** Opening RAW DATA block **

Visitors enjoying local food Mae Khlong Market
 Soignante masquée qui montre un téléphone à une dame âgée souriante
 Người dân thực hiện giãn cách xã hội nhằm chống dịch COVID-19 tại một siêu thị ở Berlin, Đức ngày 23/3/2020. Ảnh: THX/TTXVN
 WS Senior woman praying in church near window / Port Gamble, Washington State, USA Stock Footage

** Closing RAW DATA block **
** Opening RAW DATA block **

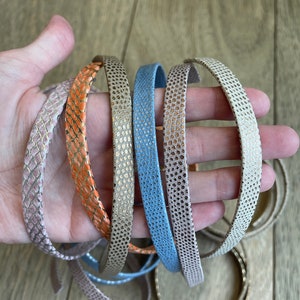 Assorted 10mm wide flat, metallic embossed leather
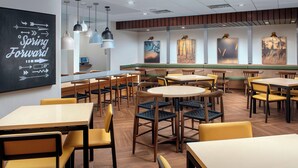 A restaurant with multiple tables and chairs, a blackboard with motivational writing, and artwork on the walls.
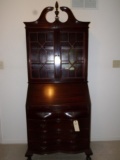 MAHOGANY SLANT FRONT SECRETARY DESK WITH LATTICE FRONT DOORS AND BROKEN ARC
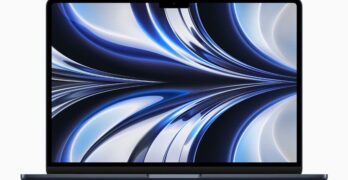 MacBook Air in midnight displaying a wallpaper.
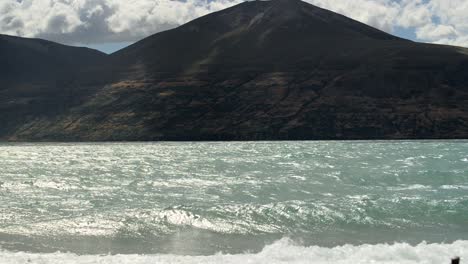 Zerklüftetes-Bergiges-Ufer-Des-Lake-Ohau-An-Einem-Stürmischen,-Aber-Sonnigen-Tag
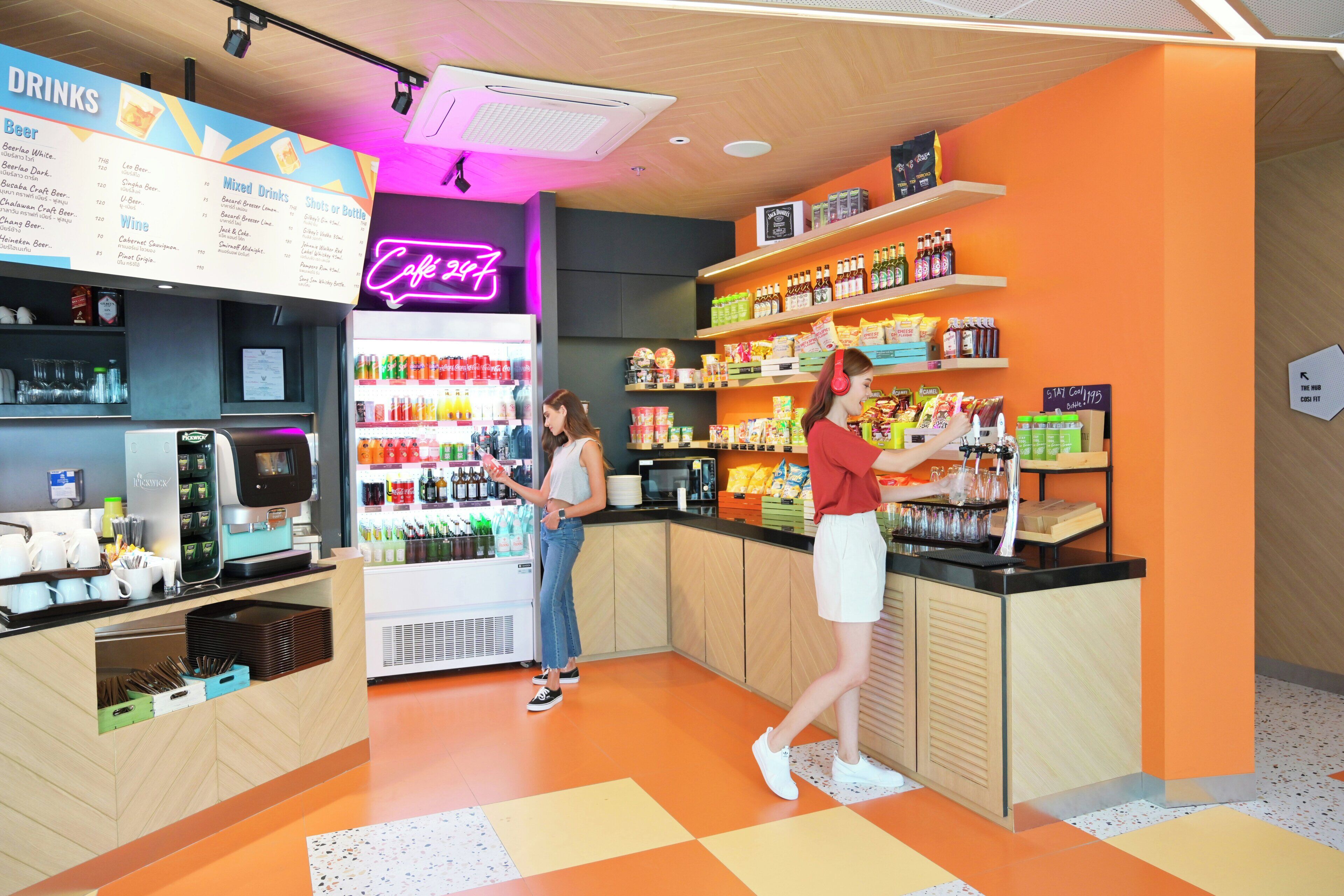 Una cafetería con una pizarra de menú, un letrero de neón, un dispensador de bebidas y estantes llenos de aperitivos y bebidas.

** Closing RAW DATA block **

REQUIRED ACTION — Pictures in the material above should be skipped; print exactly the lines from the one with "Zerklüftetes-B" through the one with "Una cafetería con".

ANSWER SECTION —
 Zerklüftetes-Bergiges-Ufer-Des-Lake-Ohau-An-Einem-Stürmischen,-Aber-Sonnigen-Tag
 Una cafetería con una pizarra de menú, un letrero de neón, un dispensador de bebidas y estantes llenos de aperitivos y bebidas.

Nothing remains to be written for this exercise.